Economic interdependence
Economic interdependence is the mutual dependence of the participants in an economic system who trade in order to obtain the products they cannot produce efficiently for themselves. Such trading relationships require that the behavior of a participant affects its trading partners and it would be costly to rupture their relationship. The subject was addressed by A. A. Cournot who wrote: "...but in reality the economic system is a whole in which all of the parts are connected and react on one another. An increase in the income of the producers of commodity A will affect the demands for commodities B, C, etc. and the incomes of their producers, and by its reaction will affect the demand for commodity A." Economic Interdependence is evidently a consequence of the division of labour.
David Baldwin conceptualizes international economic interdependence as the opportunity costs incurred from potential exit costs that incur as a result of breaking existing economic ties between nations. Others argue that it entails the degree of sensitivity of a country's economic behavior to policies and development of countries outside its border. Global economic interdependence has grown in the post-World War II period as a result of technological progress and associated policies that were aimed at opening national economies internally and externally to global competition.

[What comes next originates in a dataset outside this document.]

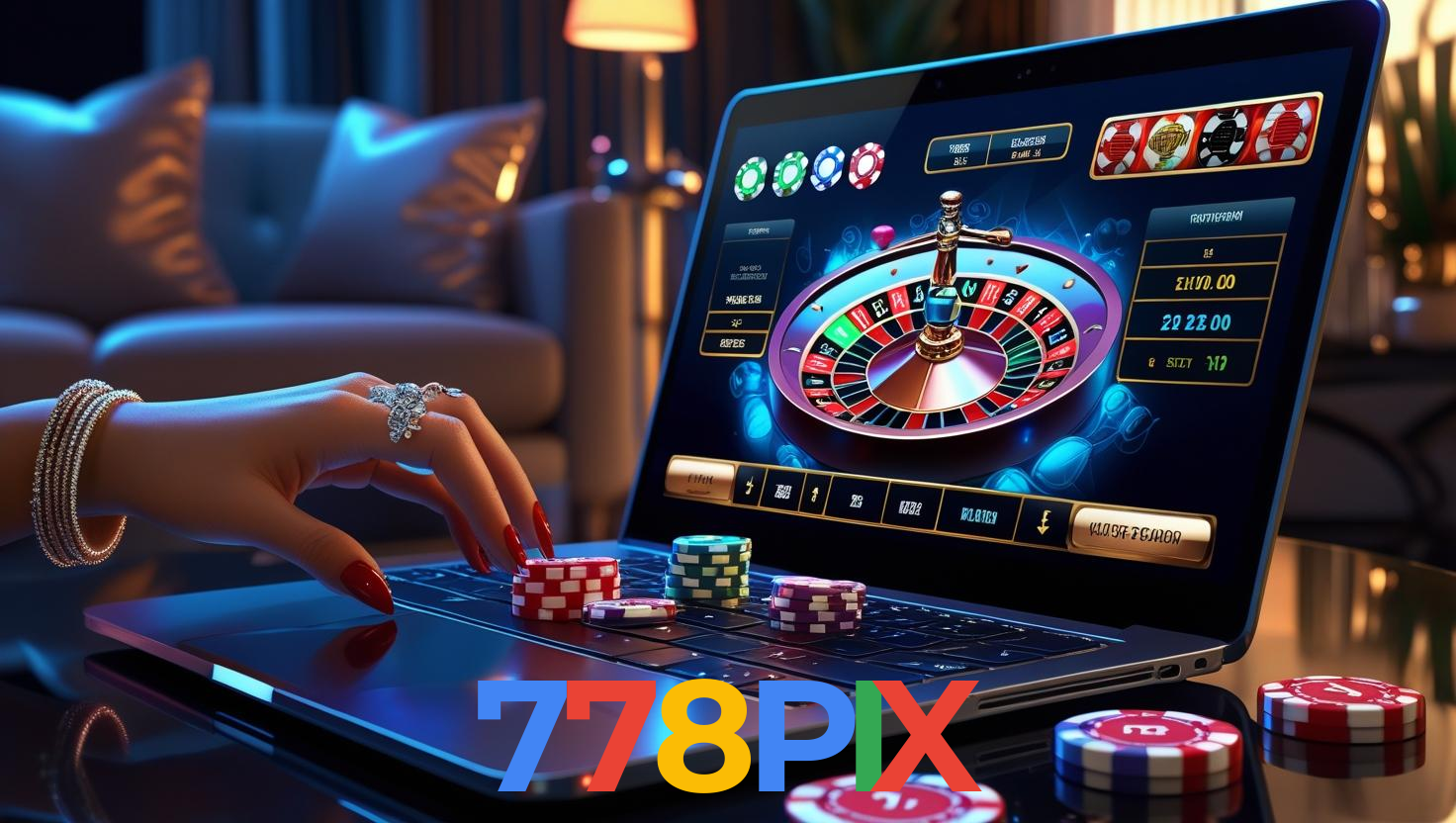 Promoções e Bônus no 778PIX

Some international relations scholars posit that economic interdependence contributes to peaceful relations between states. Other scholars argue that the relationship is more nuanced or emphasize the ways in which interdependence can contribute to conflict between states. For example, through their work on "weaponized interdependence", Abraham Newman and Henry Farrell have outlined how states that possess effective jurisdiction over central economic nodes can use these nodes for coercive economic leverage against adversaries. Viktor Cha has argued that economic interdependence in East Asia can both be a tool of coercion by China but can also be exploited by China's neighbors to deter China if they all work together against China.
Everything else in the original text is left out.